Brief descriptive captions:
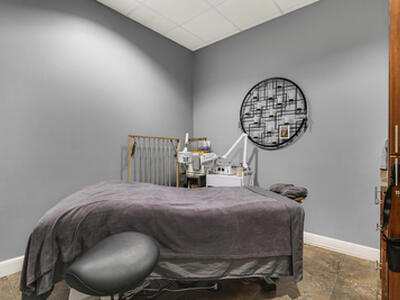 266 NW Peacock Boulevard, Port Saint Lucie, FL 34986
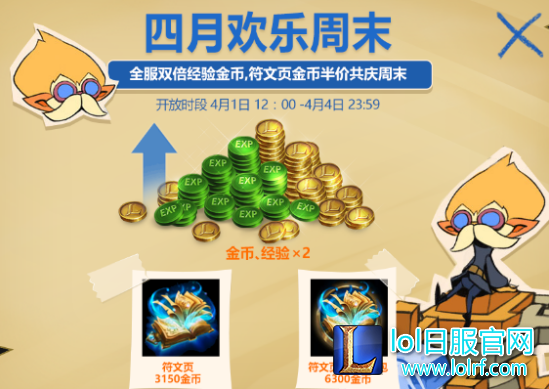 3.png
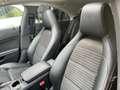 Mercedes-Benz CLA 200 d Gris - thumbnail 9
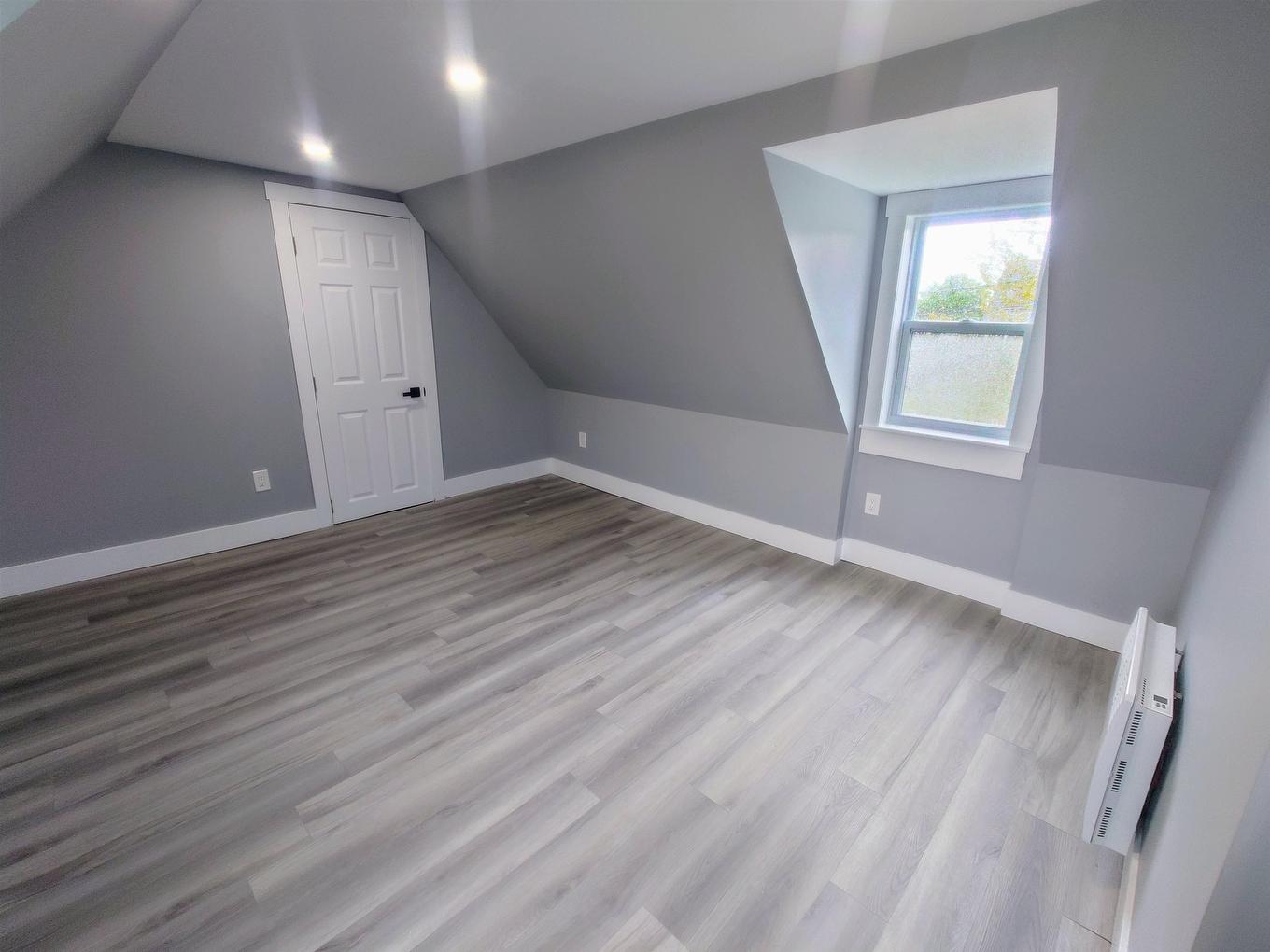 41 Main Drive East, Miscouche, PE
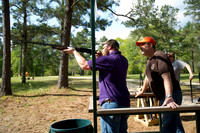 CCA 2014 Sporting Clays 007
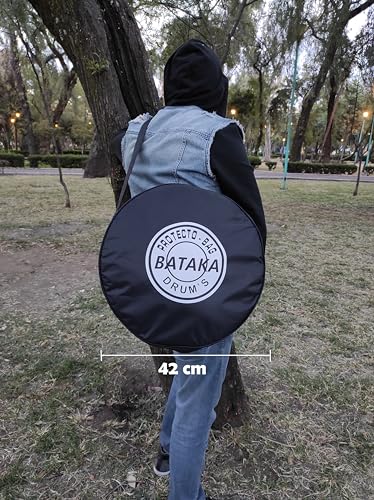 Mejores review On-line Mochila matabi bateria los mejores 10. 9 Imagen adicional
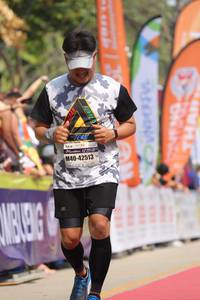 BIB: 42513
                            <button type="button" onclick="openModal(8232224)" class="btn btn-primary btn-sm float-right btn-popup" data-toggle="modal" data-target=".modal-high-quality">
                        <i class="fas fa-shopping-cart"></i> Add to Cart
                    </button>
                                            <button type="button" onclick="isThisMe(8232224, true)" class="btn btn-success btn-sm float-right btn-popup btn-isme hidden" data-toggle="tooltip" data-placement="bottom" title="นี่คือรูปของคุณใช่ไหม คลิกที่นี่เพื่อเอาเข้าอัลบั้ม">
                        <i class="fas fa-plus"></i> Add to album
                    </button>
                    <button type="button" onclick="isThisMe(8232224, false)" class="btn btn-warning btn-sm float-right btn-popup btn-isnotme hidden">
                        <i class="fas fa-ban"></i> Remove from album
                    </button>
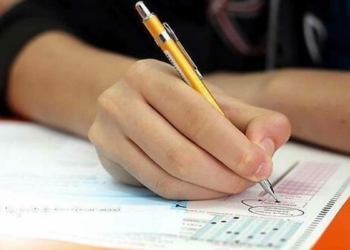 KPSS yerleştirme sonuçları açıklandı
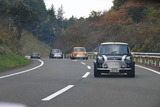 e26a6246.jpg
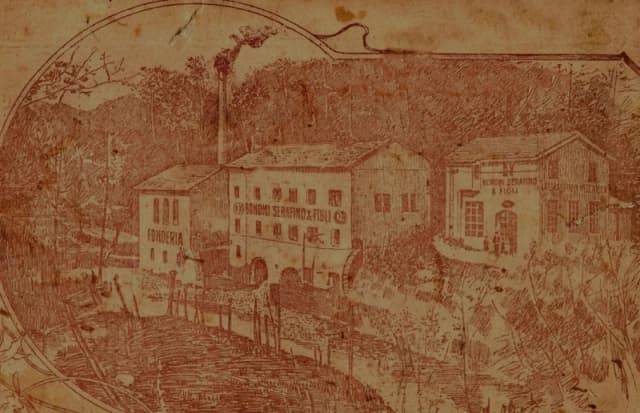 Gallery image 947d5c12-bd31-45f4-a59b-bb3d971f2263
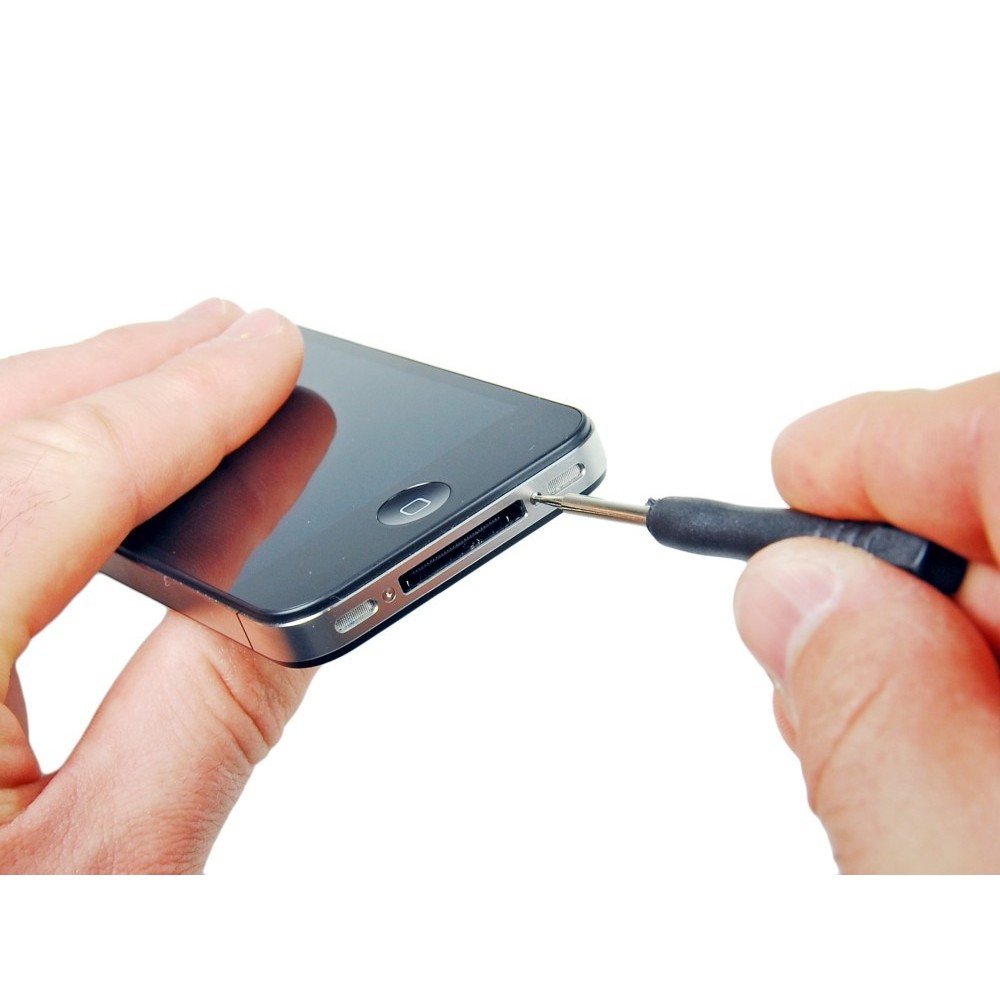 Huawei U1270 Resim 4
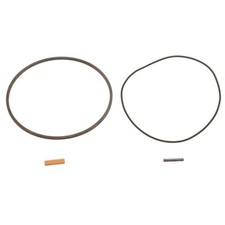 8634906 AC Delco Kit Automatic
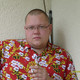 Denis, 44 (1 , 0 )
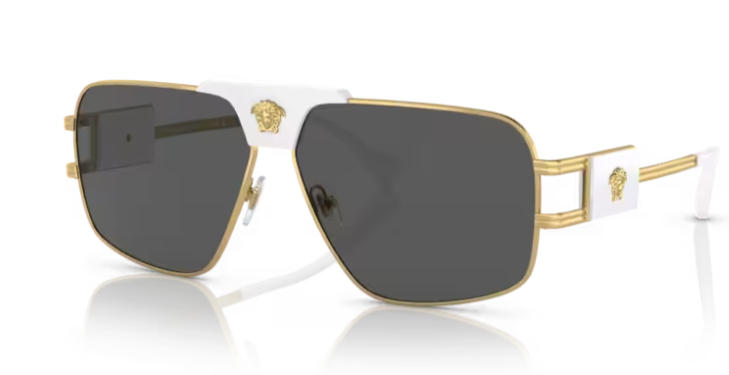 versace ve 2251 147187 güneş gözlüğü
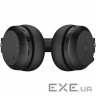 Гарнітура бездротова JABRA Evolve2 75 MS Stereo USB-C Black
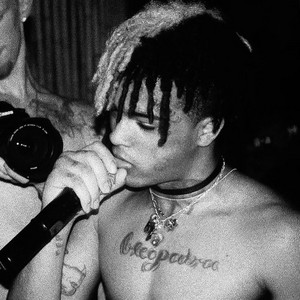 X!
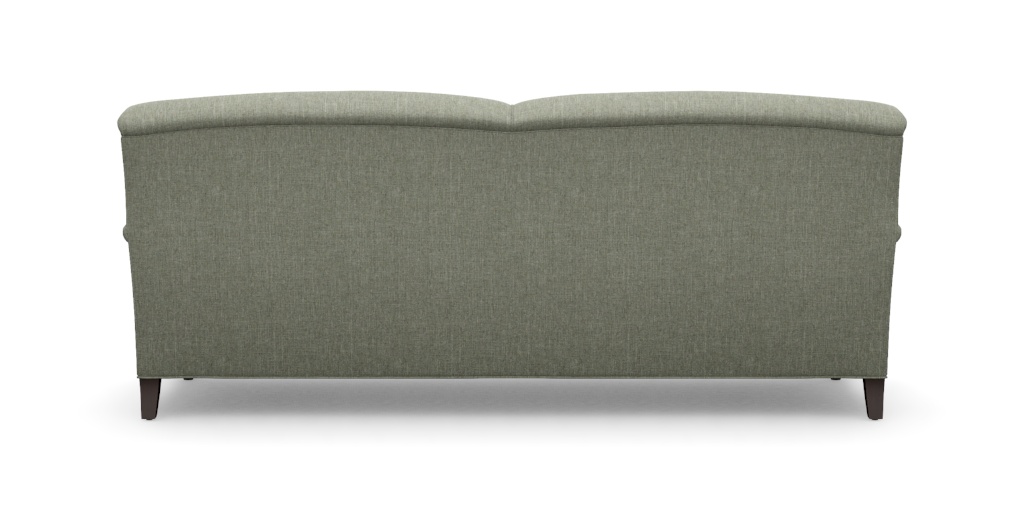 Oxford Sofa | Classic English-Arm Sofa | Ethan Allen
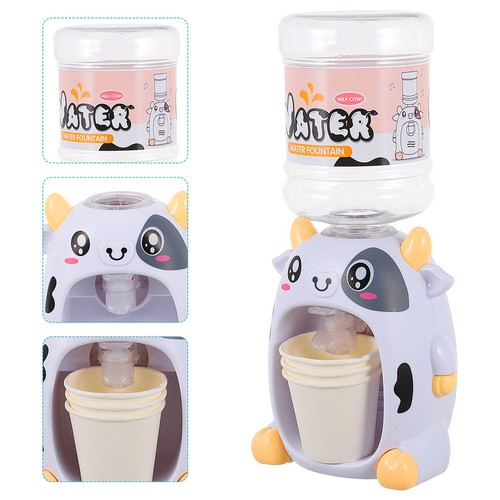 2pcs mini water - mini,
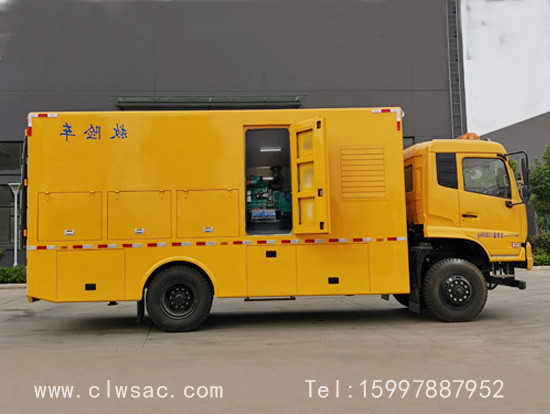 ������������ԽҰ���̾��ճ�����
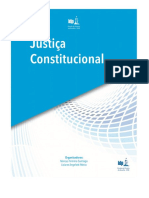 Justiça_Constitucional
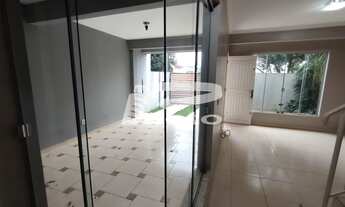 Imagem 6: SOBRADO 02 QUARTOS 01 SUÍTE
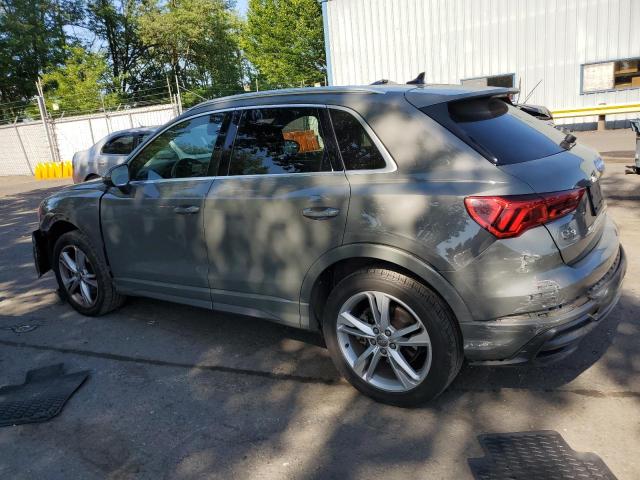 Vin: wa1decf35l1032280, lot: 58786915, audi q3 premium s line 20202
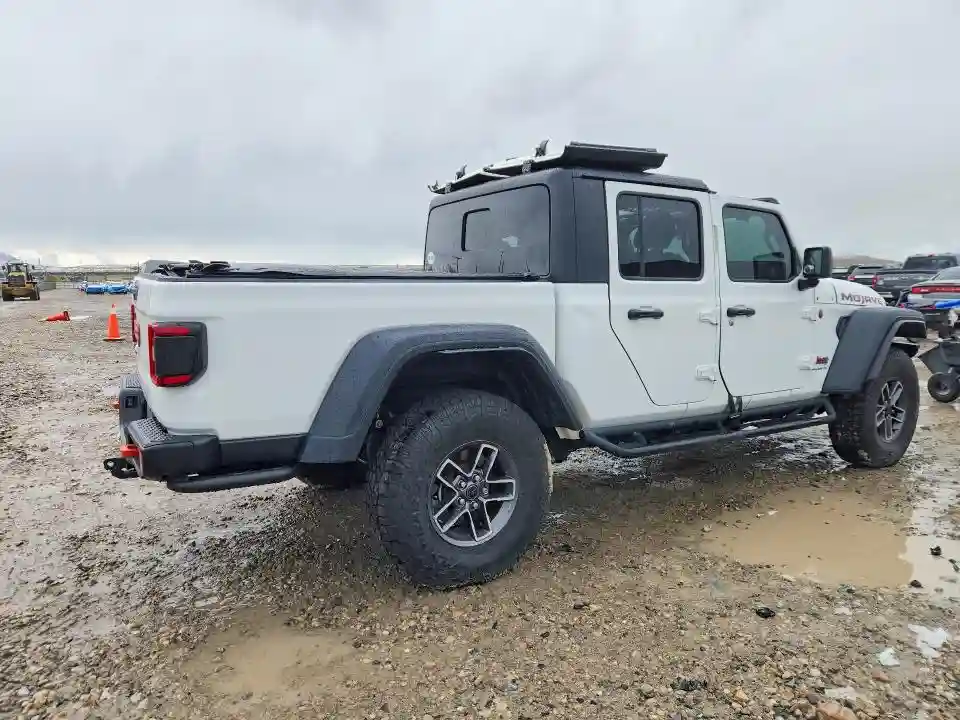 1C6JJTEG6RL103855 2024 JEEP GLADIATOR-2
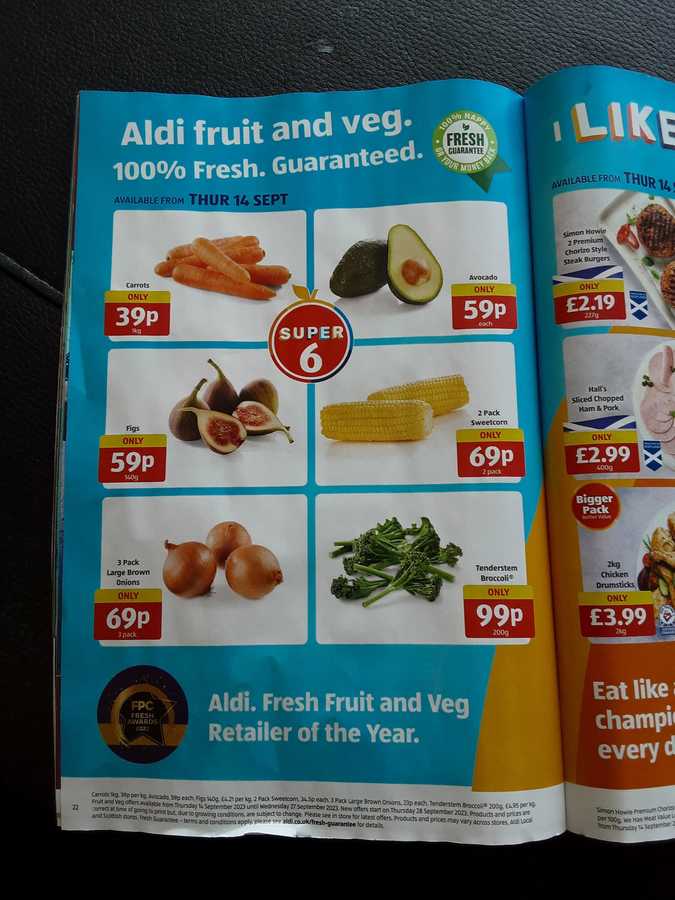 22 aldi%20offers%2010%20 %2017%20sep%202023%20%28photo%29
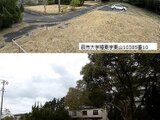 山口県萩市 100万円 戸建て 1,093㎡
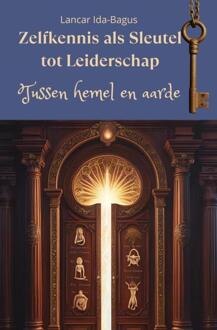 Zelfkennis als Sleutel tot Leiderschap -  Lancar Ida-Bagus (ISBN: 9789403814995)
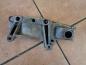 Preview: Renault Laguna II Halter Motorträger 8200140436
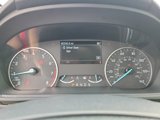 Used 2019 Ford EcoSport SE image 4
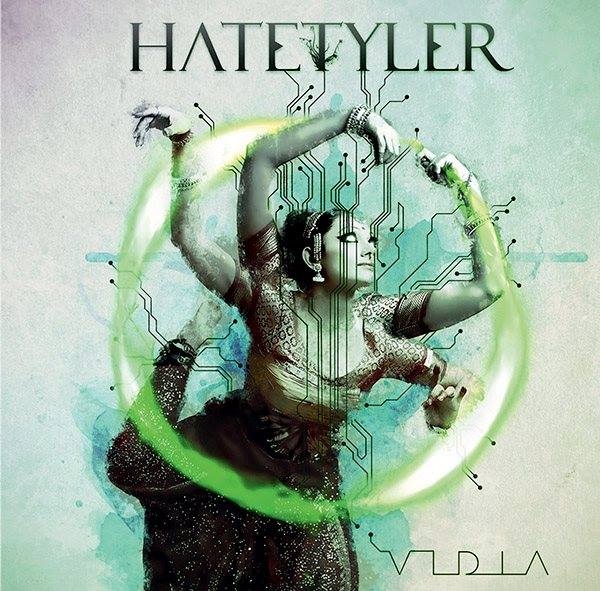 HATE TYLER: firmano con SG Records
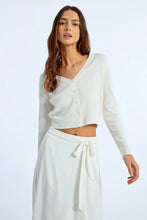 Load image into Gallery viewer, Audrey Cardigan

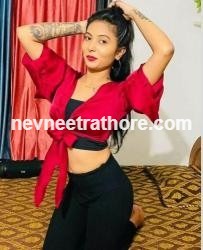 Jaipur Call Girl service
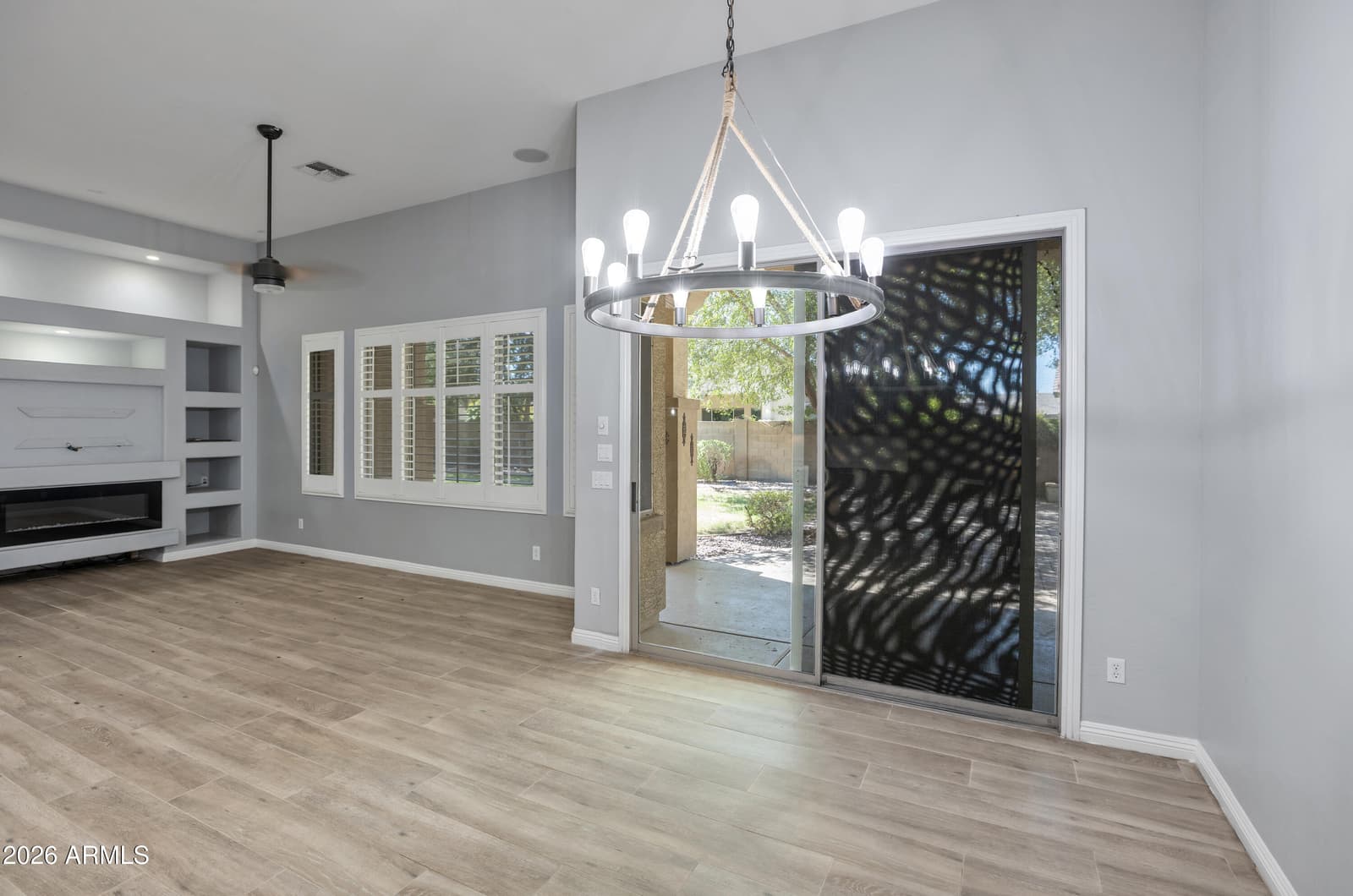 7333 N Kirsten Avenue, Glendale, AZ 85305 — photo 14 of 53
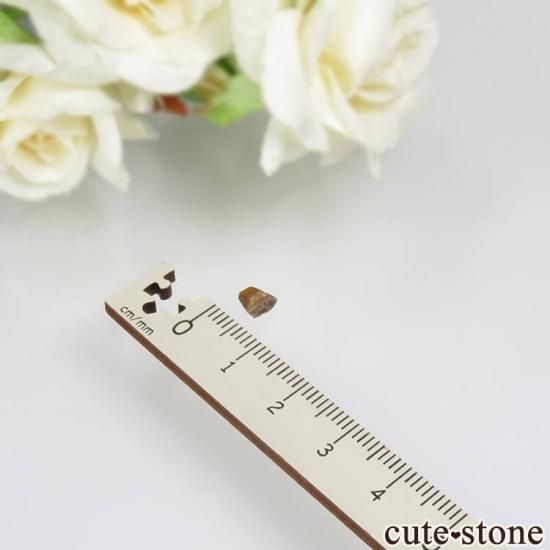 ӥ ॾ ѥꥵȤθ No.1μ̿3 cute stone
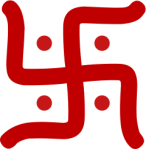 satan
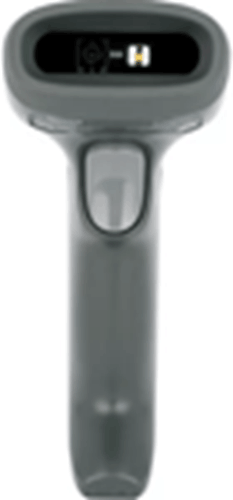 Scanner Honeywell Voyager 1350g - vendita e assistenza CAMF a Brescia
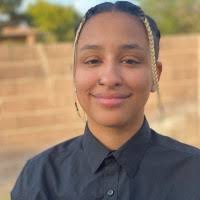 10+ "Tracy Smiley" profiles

*Exercise*
Among the lines of the data, identify those with the word "album". Copy each of them.

*Finished exercise*
                        <i class="fas fa-plus"></i> Add to album
                        <i class="fas fa-ban"></i> Remove from album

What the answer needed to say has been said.